Maliyetler daha yeni başlıyor
Ülke ekonomisine büyük hasar vermiş olan politikalara geri dönülmeyeceği sinyallerini, bu politikaların tam tersinin uygulanmasının verdiği zararı kalp ağrıları ile izleyen bir iktisatçı olarak olumlu buluyorum. Ancak bu pozitif duygularım, hiç yoktan ödemek zorunda olduğumuz maliyeti sineye çekmek ya da önümüzdeki dört yılımızı, altı yıl önceki dengelerimize ulaşmak için harcayacağımız acı gerçeğini olumlu karşıladığım anlamına gelmiyor.
Kaldı ki, maliyet ödeme konusunda yolun daha başındayız. Yüzde 67’ye gelmiş bir manşet enflasyonu yüzde 36’lık yıl sonu hedefine düşürebilmenin bedeli ağır olacak. Koç Üniversitesi olarak, Konda işbirliği ile başlattığımız hanehalkı enflasyon beklenti anketi gerek bugün hissedilen enflasyonun gerekse yıl sonu için beklenen enflasyon rakamının resmi rakamların oldukça üzerinde olduğuna işaret ediyor.
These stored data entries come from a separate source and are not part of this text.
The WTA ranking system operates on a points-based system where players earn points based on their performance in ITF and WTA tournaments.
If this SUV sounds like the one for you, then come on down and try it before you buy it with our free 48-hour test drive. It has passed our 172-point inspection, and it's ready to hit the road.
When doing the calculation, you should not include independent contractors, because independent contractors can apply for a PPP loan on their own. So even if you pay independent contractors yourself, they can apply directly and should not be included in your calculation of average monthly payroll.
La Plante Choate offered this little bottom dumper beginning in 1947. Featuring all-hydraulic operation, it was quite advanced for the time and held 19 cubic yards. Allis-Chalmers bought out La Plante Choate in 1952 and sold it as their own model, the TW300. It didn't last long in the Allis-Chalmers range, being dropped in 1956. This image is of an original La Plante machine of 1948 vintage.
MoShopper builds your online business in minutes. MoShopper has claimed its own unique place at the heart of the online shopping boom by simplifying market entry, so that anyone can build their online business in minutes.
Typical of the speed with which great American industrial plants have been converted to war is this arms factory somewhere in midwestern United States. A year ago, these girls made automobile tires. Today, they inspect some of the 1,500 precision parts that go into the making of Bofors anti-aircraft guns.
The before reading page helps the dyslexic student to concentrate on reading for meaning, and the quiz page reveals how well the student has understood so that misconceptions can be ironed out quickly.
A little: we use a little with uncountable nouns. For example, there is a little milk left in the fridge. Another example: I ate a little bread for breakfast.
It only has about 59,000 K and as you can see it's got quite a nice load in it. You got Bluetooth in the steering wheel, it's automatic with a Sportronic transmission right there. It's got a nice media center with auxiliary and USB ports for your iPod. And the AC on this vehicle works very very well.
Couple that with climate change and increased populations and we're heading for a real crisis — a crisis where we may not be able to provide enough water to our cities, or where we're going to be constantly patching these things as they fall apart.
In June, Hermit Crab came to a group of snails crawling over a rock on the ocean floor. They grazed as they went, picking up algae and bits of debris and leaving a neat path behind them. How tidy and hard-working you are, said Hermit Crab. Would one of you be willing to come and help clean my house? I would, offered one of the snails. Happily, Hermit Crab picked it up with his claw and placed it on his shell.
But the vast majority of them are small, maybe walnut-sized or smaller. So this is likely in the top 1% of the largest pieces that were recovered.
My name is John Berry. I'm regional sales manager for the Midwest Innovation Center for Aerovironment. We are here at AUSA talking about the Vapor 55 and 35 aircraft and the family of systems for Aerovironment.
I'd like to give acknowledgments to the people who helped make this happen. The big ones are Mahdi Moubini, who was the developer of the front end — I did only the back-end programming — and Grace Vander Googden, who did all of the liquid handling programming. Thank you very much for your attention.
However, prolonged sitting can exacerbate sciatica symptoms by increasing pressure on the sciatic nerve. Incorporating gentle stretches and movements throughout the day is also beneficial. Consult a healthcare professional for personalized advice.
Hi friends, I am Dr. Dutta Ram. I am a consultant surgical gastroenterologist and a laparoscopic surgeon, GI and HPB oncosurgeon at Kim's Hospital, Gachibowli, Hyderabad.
Merkez bankası politika faizini 10 ayda yüzde 8,5’ten yüzde 50’ye yükseltse de reel politika faizinin hala negatifte kaldığını unutmayalım. Merkez Bankası bu bilinçle kredileri arz tarafından da ciddi şekilde sıkılaştırma adımı attı.
Bedelin adil dağıtımı gerekiyor
Şayet enflasyonu düşürme konusunda samimiyet varsa, seçim sonrası dönemde bunu gerektirdiği ekonomik yavaşlama çok daha belirgin olacaktır. Maliyet şüphesiz ki çok ağır, ama şikâyet edilecekse bu maliyeti bertaraf etmek için uygulanan ekonomi politikalarından değil bu maliyetin ödenmesine sebep olan politikalardan şikâyet etmek ve bedelin adil dağılımı için politika yapıcılara çağırıda bulunmak gerekiyor.